Mit zunehmender Dauer des Bürgerkriegs in Syrien spitzt sich die Lage der Zivilbevölkerung im Land und der Flüchtlinge in den Nachbarländern immer mehr zu. Im Gespräch mit dem weltweiten katholischen Hilfswerk „Kirche in Not“ gibt der Präsident der Caritas Libanon, Simon Faddoul, einen Einblick in die unübersichtliche Lage in der Region und bittet die internationale Gemeinschaft um mehr Hilfe bei der Lösung des Konflikts. Das Interview führte André Stiefenhofer.
Herr Faddoul, in den westlichen Medien wird meist gesagt, dass der syrische Staatspräsident Bashar Al-Assad inzwischen mit dem Rücken zur Wand steht – ist das wahr?

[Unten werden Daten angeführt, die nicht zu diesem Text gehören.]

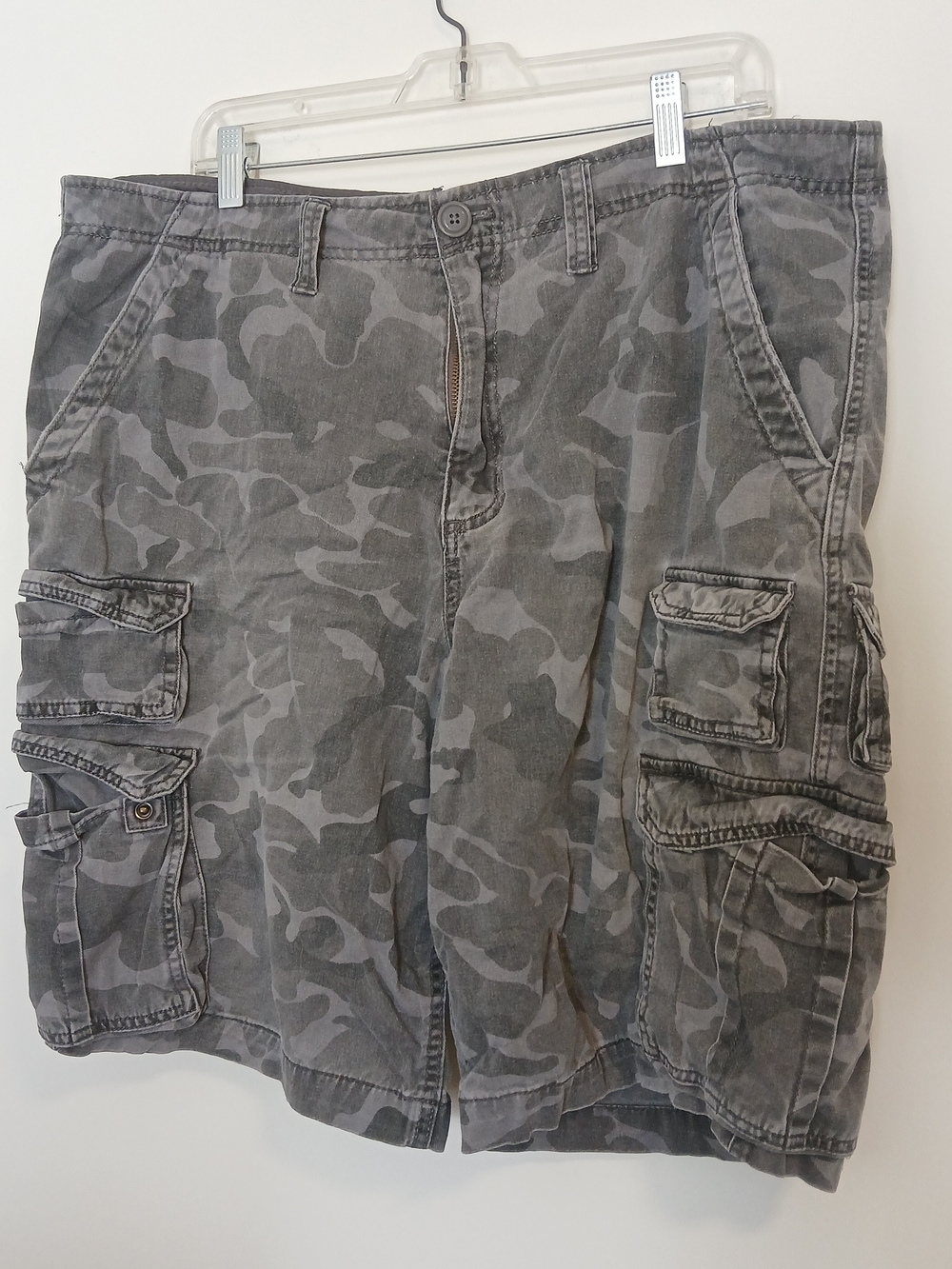 Faded Glory Gray Camo Cargo Shorts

Leider sind Ihre Medien mehr von politischen Wunschvorstellungen beeinflusst als von wirklichen Fakten. Jeder weiss, dass heutzutage in Syrien über 100 verschiedene Gruppierungen in Kampfhandlungen verwickelt sind. All diese Gruppierungen bekämpfen zwar das Regime, aber nicht zusammen. Das heisst, die Kämpfe könnten zu jeder Zeit auch zwischen den Rebellengruppen ausbrechen – spätestens, sobald das Regime zusammenbricht. Das Regime erscheint mir aber stark, die Armee weiterhin grösstenteils vereint.

Was hören Sie über die Lage der Menschen in den von den Rebellen kontrollierten Landesteilen?

Man kann nicht gerade sagen, dass die Menschen dort ihr Leben geniessen. Wir hören von Misshandlungen durch Rebellengruppen. In manchen Regionen sind islamistische Gruppierungen an der Macht, die von der christlichen Bevölkerung „Dschizya“ verlangen – das ist eine Zwangssteuer für „Ungläubige“, eine Art „Schutzgeld“. Die Christen und alle anderen Nicht-Muslime sind in diesen Regionen heute Bürger zweiter Klasse. Ein Bischof sagte mir, dass er Geld von den Wohlhabenden sammelt, um das Leben der ärmeren Christen zu retten. Das alles ist sehr traurig. Um nicht missverstanden zu werden: Ich sage nicht, dass das Regime im Recht ist. Nein, das Regime ist totalitär, eine Diktatur und muss deshalb geändert werden. Aber es ist bis jetzt völlig unklar, was danach kommt. Denn wir wissen nicht einmal, wer in Syrien gegen wen und für was kämpft. Diese Unsicherheit stützt das Regime und hält viele Menschen davon ab, die Rebellen zu unterstützen.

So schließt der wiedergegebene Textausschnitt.